Action item |
Go through the records below and copy out every line holding "Apartment".

[Opening Input for this task section]

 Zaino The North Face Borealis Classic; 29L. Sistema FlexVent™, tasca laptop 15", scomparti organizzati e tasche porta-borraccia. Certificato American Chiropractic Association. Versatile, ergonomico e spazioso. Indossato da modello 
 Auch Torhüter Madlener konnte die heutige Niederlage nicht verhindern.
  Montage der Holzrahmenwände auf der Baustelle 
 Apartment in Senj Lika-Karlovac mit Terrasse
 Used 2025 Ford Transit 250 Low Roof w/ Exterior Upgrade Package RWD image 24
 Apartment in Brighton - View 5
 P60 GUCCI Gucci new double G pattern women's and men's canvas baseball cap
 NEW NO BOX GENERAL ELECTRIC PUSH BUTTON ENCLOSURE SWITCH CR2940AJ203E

[Closing Input for this task section]

Output |
 Apartment in Senj Lika-Karlovac mit Terrasse
 Apartment in Brighton - View 5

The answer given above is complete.